The Challenge of Change Management: Students As Agents of Change--Part I

You may have noticed that this blog has a strange name and maybe even a sinister one,"DarkZone Education". However, the reasoning for this name is explained in my very first post to this blog. It derives from an uneasy impression that nothing is going to change for students and their education. Rather than taking a serious look at the trend of students disengaging with their education, we choose to blame teachers, blame parents, blame administrators rather than looking at the model and vision of education more closely and realizing that the problem lies here. The vision and model of education that we subscribe to dictates how everything under it is to be done at every level of the education systems from the government ministries of education down to the students. Take notice that the students are at the bottom of this continuum.

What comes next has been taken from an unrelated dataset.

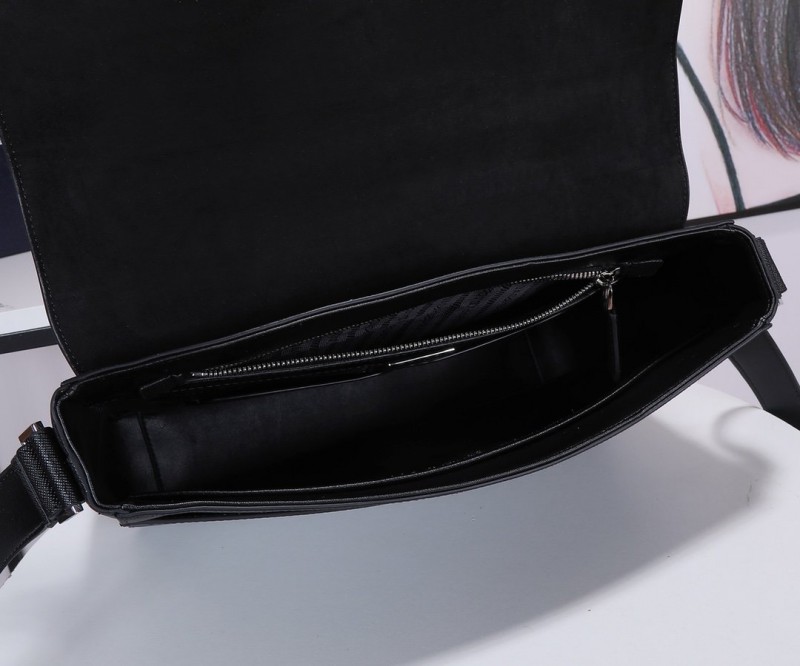 Prada 056 2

They are the ones who have the greatest stake in their education but they are at the bottom when it comes to their voice. In order for students to become change agents in education we need to make changes in the methods we use to educate them, the role that they play in the process and how we assess their progress.

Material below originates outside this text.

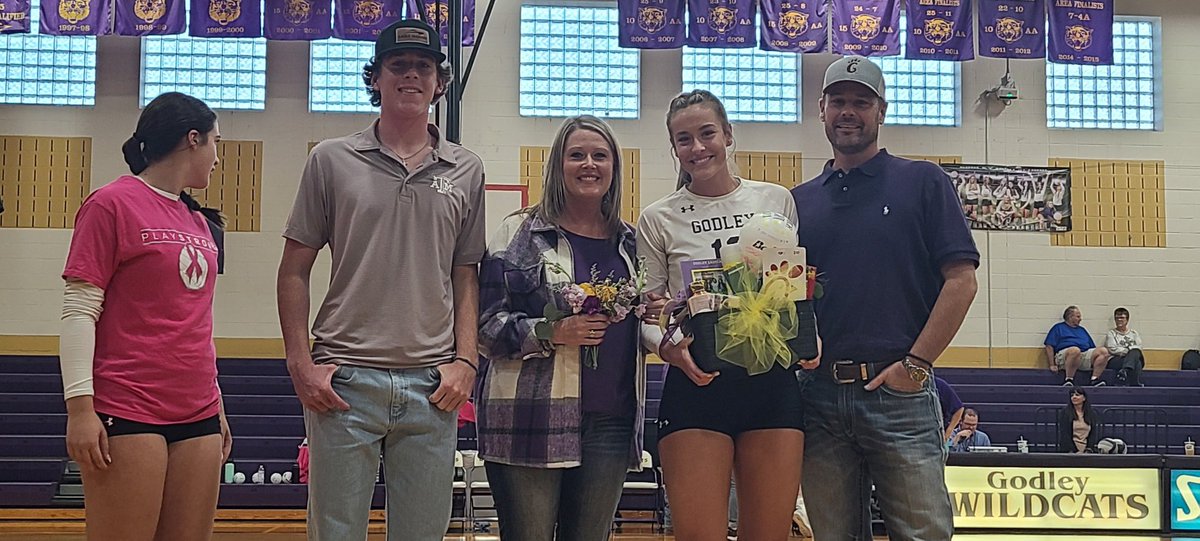 godley_vball's tweet photo. SENIOR•NIGHT•2021
Thank you Seniors for all you have given to Godley Volleyball! 💜🏐💛 https://t.co/Z4VJUwX1iE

In regards to assessment, I have a question for you:

" Is it wrong for students to collaborate in a testing situation?"

Right now, there will be educators who are reading this who have just started to hyperventilate. The mantra that they have been taught throughout their training under the model of education that we presently labour under is that allowing students to collaborate in a test situation is cheating and should be severely punished. 
Now, with the emergence of mobile devices and social media, we are devoting all our efforts to banning their use in a testing situation so that answers can't be passed around. If we can teach students to use mobile devices to enrich their learning in day to day work, why don't we follow through when it comes to how we assess them?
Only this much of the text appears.